Katia nous présente sa maison
rénovée au milieu des terres agricoles; ici comme partout sur l’île, il faut
consommer l’eau avec parcimonie, éviter de la polluer avec des déchets
inutiles, aérer les pièces dont les murs construits en pierres de lave poreuse
ont le seul défaut d’absorber les rares averses mais fréquentes condensations
nocturnes. Un défaut qui devient qualité sur les terres cultivables. Ici les
nuages formés par les évaporations marines filent à toute vitesse au ras du
sol, déposant la nuit les gouttes de vie qu’insectes, plantes et paysans
utilisent de leur mieux. Un défaut que la Nature et le travail des campesinos
nous rendent sous forme de bons verres de malvoisie ou de muscat provenant des
ceps plantés un par un au fond des trous creusés à leur intention.

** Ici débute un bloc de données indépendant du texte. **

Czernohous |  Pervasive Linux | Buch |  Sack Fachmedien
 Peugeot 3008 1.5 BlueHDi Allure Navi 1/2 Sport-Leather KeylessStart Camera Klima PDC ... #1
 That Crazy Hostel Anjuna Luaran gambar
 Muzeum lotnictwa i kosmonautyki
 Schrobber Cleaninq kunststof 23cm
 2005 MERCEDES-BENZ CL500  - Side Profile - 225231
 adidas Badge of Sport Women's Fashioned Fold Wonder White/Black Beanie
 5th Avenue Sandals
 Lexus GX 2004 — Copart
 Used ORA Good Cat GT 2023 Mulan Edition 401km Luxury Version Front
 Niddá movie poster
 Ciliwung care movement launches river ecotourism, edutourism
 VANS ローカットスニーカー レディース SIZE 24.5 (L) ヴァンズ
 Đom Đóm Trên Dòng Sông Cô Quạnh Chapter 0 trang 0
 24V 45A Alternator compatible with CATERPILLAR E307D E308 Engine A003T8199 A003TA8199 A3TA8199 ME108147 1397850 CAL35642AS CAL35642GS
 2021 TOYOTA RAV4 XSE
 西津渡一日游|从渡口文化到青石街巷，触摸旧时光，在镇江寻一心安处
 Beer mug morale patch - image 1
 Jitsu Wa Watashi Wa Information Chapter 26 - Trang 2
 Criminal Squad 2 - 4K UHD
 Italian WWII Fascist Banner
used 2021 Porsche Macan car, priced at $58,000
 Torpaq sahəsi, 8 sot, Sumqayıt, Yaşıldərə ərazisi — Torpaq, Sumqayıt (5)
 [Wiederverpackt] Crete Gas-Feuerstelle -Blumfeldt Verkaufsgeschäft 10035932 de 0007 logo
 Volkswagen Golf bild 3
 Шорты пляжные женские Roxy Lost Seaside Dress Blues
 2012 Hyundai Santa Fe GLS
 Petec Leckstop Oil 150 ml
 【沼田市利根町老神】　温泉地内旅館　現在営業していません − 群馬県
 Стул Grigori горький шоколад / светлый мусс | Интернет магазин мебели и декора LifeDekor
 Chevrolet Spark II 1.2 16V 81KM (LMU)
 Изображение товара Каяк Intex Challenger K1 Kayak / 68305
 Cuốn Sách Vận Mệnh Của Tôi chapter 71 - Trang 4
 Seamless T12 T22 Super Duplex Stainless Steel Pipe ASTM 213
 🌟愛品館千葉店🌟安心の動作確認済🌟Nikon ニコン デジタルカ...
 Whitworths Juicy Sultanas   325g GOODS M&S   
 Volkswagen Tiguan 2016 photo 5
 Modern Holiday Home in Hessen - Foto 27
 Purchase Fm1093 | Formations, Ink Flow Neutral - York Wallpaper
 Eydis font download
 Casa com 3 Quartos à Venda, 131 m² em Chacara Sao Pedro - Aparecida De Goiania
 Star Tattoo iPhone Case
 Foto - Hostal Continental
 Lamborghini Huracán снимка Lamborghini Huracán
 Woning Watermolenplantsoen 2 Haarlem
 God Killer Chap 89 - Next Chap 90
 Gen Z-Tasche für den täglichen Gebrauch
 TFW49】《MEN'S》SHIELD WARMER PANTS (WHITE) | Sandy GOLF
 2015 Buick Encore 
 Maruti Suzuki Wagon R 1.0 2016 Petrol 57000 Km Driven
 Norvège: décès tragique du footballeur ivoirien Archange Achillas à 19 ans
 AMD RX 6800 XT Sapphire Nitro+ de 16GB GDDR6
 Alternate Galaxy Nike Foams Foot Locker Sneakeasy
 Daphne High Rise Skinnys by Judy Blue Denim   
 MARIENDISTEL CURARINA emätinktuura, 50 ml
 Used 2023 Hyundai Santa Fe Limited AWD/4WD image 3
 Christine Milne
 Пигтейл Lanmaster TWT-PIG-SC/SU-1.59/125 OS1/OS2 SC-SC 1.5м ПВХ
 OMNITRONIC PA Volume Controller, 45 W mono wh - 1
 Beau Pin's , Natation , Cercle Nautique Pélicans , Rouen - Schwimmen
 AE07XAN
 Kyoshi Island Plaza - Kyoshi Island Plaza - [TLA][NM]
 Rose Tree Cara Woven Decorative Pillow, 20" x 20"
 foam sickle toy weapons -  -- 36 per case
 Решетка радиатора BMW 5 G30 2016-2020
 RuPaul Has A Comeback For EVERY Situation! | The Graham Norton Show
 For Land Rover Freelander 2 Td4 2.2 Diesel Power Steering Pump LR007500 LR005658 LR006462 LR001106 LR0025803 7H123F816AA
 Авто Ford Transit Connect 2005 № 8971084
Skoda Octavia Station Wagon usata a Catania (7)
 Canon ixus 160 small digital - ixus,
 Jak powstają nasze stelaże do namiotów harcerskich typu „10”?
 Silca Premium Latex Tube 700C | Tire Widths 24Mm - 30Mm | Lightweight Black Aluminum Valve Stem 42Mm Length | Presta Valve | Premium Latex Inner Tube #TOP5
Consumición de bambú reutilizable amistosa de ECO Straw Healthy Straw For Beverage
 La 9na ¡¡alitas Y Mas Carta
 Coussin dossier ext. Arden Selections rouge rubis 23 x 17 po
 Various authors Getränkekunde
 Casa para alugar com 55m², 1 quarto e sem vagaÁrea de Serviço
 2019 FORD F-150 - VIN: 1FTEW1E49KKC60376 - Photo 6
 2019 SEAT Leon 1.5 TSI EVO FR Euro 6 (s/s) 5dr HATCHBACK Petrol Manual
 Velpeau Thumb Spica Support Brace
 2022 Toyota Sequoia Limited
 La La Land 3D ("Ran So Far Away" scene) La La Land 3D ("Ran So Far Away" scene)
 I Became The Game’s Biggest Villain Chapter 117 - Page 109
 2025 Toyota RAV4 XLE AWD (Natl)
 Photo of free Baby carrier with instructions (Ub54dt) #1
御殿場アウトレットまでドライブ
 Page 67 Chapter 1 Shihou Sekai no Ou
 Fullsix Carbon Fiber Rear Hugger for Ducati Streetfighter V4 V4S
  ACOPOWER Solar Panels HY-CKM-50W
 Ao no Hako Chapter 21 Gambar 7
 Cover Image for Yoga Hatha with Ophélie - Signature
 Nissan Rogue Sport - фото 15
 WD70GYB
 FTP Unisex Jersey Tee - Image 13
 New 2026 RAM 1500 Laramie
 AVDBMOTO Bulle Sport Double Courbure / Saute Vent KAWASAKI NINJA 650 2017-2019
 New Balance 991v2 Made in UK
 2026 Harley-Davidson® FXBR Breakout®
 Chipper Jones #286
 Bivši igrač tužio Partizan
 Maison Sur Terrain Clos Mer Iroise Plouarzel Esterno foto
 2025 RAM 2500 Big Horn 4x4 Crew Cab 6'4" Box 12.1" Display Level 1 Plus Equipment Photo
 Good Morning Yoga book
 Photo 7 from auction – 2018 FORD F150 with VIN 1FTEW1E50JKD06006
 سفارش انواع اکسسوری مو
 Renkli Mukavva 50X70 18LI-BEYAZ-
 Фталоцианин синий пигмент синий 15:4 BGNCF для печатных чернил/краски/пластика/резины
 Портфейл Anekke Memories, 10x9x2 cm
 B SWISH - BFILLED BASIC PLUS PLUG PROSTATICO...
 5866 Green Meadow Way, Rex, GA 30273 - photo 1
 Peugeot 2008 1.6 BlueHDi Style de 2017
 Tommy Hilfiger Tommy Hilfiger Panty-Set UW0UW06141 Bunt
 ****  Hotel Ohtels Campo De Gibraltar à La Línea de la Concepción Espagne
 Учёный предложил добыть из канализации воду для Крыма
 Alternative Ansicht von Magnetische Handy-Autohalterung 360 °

A l’ouest de l’île, une crique
minuscule bordée de quelques maisons de pêcheurs ; l’on s’y baigne entre
les rochers qui vous protègent de l’assaut de vagues furieuses qui éclatent
quelques mètres plus loin. Au pire y croisons-nous trois ou quatre promeneurs
venus se ressourcer le temps d’une partie de cartes sur le gravier de lave.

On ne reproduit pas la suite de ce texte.